Despite the cold winterish weather in Bonn, the Fijian Presidency has brought the colour and warmth of the Pacific Islands - one that could fade away if nothing is done to halt sea-level rise. In his opening statement, Prime Minister Frank Bainimarama highlighted the interdependency of our actions and the consequences of what is to come if we neglect our responsibilities. “We are all in the same canoe” when it comes to climate change, he reminded, calling out for urgent action from all countries, as the Pacific Islands grapple with a more uncertain future, being at the frontlines of climate change.
To foster such decided action and enhance national commitments, this year’s COP should set the ground for the Facilitative Dialogue process or “Talanoa Dialogue”, to take place throughout 2018, to assess collective progress in reaching the goals of the agreement and in making sure that COP24 is a successful one. A comprehensive progress must be made to ensure that countries can continue to raise their ambitions.
Greater efforts are also needed this year to address more difficult issues such as adaptation and loss and damage. Indeed, COP23 should serve to advance discussions on the actions required to ensure that the Adaptation Fund will serve the Paris Agreement and recognize the need of Loss and Damage finance.

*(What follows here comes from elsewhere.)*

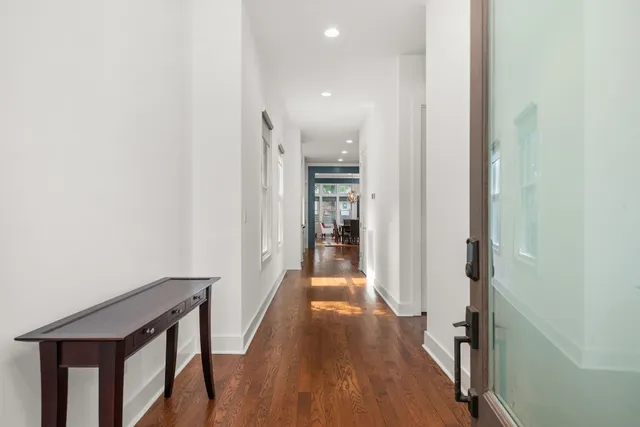 a view of a hallway with wooden floor and staircase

In this spirit, a broad coalition of civil society organizations launched a review seeking to reaffirm that pre-2020 emissions reductions and finance pledges of countries are ambitious enough and fair. The CSO Equity Review reminds that countries must do their part in meeting the goals set by the agreement, taking to heart the principle of “common but differentiated responsibilities and respected capabilities”. To be fair, climate action should always consider that, historically, there have been greater emitters/polluters, and they have therefore a responsibility that goes beyond the details of the negotiations. Nonetheless given the current climate crisis all countries must do everything they can to ensure global temperature don’t exceed 1.5-degrees. It is a question of justice for all people to live and thrive in dignity! COP23 should therefore not fall short of these demands and hold the promises made two years ago in Paris.
Climate Justice Now!
Ahead of the negotiations, citizens and movements gathered outside the negotiation spaces is a unanimous cry for climate justice during the People’s Climate Summit, where national and global movements, local and international organizations and networks, citizens from all over the world converged over 4 days to debate and share environmental and social issues, while reimagining sustainable and fairer futures for all.

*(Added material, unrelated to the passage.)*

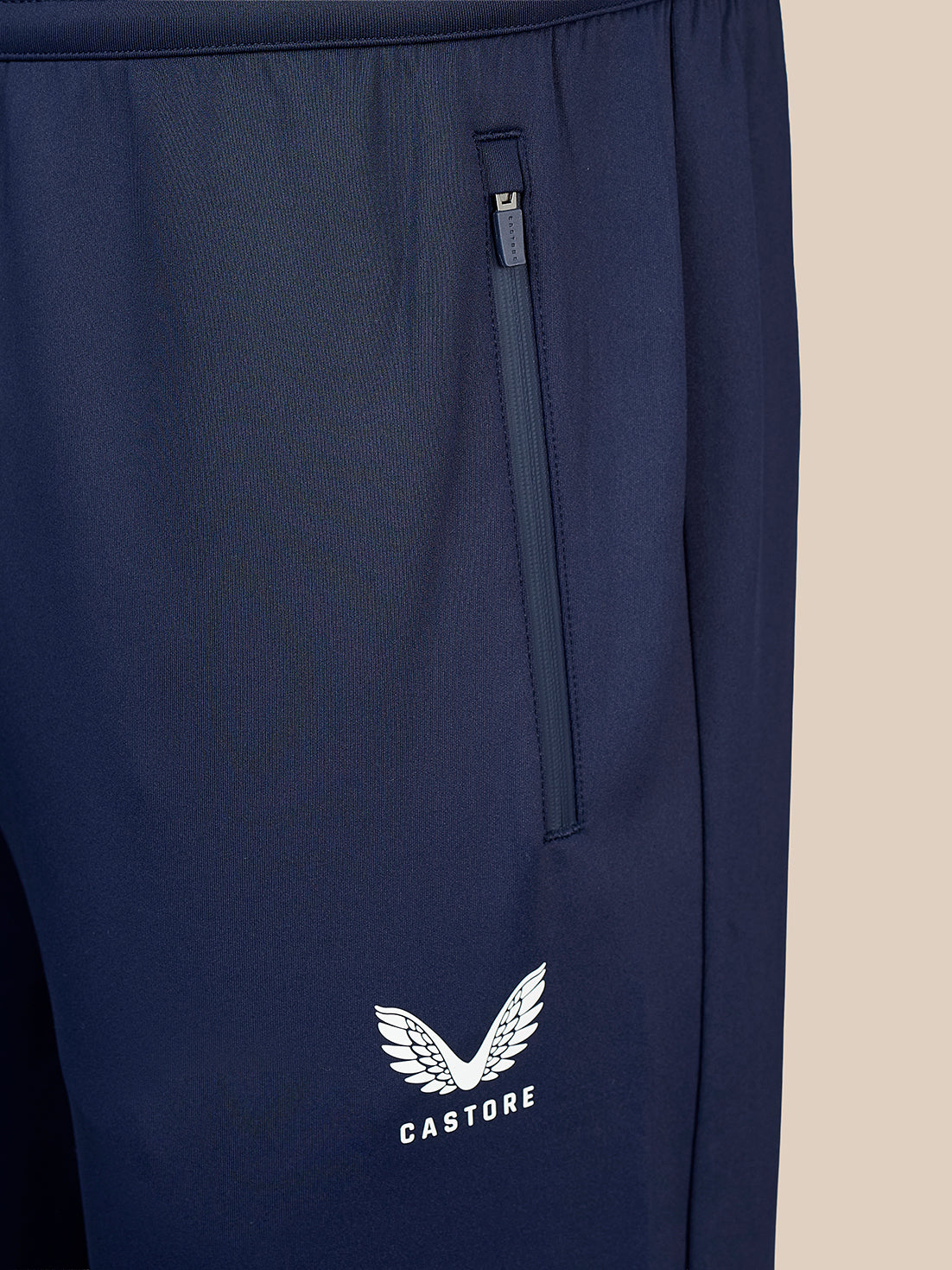 Close-up of navy blue athletic pants featuring a vertical zippered pocket and a white Castore wing logo on the lower leg, set against a solid beige background.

A first cry came from the crowds during the Climate March on Saturday 4 November, with over 20.000 participants, one of the largest in German history. A festive atmosphere disrupted the usually calm streets of Bonn, where activists and citizens – young and old – urged prompt and clear global solutions from policy makers, calling for a just transition – one that considers the well-being of people and the conservation and respect of our planet.
Diversity was a key element at the people’s summit, as people from different backgrounds and faiths gathered around the table, in workshops and panel discussions, in corridors and informal moments. At the interfaith dialogue, divestment from fossil fuels and how faith communities can support a shift to a better, safer and renewable-based system was a key discussion. Urgency of action was highlighted, as representatives from communities, indigenous peoples, peasant farmers, youth and activists shared their testimonies of the direct impacts of climate change and the many policies and industrial models offered as “solutions”, which often deepen inequalities and plunder natural resources.

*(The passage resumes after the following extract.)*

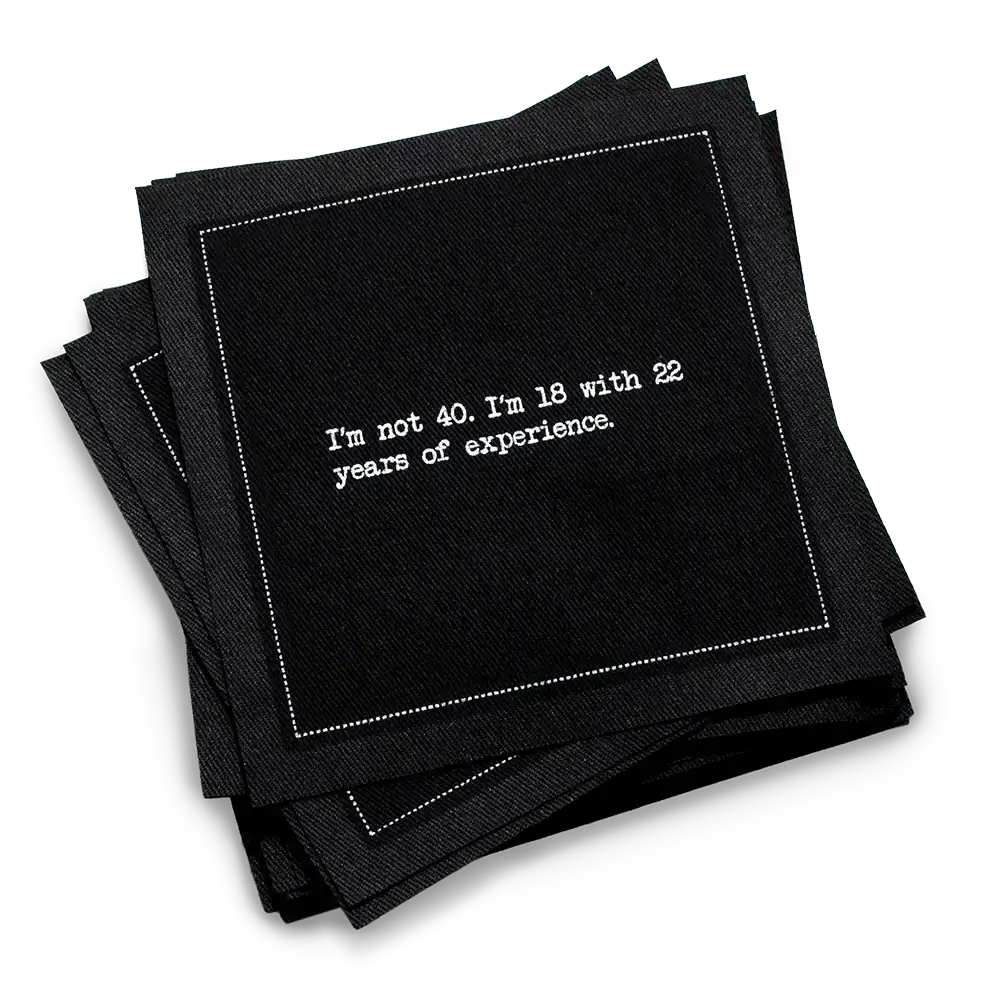 Organic cotton cocktail napkin, black, with white dotted border printed with the quote "I'm not 40. I'm 18 with 22 years of experience," from Five Star Napkins' 40th birthday quote collection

In the different spaces, citizens discussed and questioned: What does a just transition mean and look like? What are the principles that should guide such a transition? Voices and stories converged in pointing out that a deep transformation must take place – at the political, social and cultural levels – a system’s change, rather than quick, techno-fixes or false solutions that miss the root causes of the challenges faced. Transitioning to an economy powered by renewable energy and fairer and more sustainable ways of producing food, should not replicate the mistakes of current market-based, industrial models, that threaten and violate people’s dignity for profit, but rather give participation and power to people and communities in organizing and deciding over their future, valuing their own knowledge and livelihoods, fostering solidarity and exchange amongst peoples.
While negotiations continue, hoping policymakers will be true to their promises and responsibilities, we continue to mobilize, support and call out for a just transition to a more sustainable, livable future. We believe in the power of people organizing for change, we believe in the creativity and the solidarity that is fostered by working and brainstorming together to imagine and build the foundations of a world where people and planet can thrive.